The problem is this:
In the following (horrible) code

(define (quux x) (* x x))

(define (foo y)
  (define bar (quux y))
  (define (quux x) (* x x x))
  (quux y))

We have various options:

1) The first reference to QUUX gives the value of the outer QUUX and
the second gives the value of the inner QUUX since the inner one has
not been defined yet.  This is what the interpreter in chapter 4 of
S&ICP does.  This seems very ugly since it implies one of 2 things: 
- Definitions modify environments to have new bindings.  The definition
causes a side effect to the environment where it occurs.  This is
pretty ugly.
- Definitions create new environments where the rest of the
expressions are evaluated.  This has clear problems with mutual
recursion.

2) Both references result in the inner QUUX since the DEFINEs are
equivalent to a LETREC, and there exists an order in which the
definitions can be evaluated which gives this result.  This would be
easy to arrange if Scheme were evaluated in normal order, but hard
(in general) given that it is applicative order.

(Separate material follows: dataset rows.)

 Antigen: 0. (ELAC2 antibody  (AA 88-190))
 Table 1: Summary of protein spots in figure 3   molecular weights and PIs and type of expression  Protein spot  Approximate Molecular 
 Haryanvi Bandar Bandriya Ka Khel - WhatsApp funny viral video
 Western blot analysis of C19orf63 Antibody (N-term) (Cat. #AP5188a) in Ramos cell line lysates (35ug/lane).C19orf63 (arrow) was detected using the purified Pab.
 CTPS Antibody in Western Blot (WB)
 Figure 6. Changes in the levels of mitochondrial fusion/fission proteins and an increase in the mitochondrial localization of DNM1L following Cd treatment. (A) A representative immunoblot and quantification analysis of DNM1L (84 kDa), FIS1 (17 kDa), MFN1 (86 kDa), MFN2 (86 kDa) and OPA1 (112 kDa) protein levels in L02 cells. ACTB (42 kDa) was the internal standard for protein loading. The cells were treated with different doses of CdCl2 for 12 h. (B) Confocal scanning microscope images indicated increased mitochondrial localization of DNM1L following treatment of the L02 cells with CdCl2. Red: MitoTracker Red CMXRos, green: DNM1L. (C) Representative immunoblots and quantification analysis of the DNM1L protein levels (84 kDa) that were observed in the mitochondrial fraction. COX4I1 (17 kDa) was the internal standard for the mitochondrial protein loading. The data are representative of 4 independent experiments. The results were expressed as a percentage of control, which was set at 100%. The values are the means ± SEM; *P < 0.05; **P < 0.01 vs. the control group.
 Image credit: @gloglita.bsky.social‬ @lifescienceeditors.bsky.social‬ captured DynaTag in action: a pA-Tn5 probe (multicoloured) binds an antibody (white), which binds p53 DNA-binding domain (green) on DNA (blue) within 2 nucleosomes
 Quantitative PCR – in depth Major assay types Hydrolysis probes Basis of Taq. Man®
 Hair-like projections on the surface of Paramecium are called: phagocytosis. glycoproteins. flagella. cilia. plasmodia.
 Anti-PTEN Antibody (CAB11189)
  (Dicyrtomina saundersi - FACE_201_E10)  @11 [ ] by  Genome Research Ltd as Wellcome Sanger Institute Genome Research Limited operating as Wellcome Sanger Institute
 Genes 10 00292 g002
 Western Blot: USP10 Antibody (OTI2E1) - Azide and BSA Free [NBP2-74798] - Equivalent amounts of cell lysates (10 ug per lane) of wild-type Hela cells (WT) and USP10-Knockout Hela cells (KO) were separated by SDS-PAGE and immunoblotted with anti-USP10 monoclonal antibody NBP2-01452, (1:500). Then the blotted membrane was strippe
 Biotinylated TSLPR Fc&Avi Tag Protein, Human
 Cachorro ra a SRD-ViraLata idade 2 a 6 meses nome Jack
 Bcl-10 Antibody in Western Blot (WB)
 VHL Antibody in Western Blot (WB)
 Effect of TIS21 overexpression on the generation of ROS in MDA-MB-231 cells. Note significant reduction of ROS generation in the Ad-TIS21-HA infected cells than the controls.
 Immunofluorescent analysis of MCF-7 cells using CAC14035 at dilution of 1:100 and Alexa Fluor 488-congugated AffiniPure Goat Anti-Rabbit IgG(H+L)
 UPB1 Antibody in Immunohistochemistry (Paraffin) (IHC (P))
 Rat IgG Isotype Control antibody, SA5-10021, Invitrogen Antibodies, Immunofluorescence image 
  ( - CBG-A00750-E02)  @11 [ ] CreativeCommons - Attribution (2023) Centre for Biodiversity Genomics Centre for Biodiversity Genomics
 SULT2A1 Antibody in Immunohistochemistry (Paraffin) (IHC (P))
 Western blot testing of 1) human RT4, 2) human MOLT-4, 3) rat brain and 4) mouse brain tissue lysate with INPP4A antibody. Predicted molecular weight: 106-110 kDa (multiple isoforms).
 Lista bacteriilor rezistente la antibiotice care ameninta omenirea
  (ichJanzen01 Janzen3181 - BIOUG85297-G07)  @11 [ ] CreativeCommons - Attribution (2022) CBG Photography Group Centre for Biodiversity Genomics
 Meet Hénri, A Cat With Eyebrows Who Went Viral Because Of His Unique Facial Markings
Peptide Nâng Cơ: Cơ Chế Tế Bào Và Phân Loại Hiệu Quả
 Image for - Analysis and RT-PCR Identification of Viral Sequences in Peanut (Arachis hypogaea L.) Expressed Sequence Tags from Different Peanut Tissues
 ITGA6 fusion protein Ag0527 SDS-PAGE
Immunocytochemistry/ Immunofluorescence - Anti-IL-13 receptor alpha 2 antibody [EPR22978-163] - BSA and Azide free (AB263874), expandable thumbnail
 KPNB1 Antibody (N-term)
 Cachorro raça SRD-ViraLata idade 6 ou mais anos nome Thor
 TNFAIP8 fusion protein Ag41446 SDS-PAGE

3) It is an error because the definitions occur all in parallel but
the values are assigned sequentially, and thus QUUX is bound but not
assigned on first use.  This is what MIT Scheme does currently (and
used to do for top level).  

I would like 2 to hold, but it unfortunately does not.  Making 3 the
official semantics would be like specifying an order of argument
evaluation which people would then take advantage of.  Restricting the
values to be lambda expressions guarantees that the result does not
depend on the order of evaluation, while attempting to extend this
(constants, expressions which depend only on outer variables, etc.)
gets us into a sort of operational semantics.

The sort of thing CPH and I are trying to avoid is the same thing that
I (we ?) abhor about the definition of REC and LETREC, namely that

(rec a (cons 3 a))

does not work, while

(rec a (cons 3 (lambda () a)))

does.

We are making the implementation visible in the language definition.

BTW, I restrict my use of top level DEFINE so that it does not depend
in the potential sequentiality of evaluation.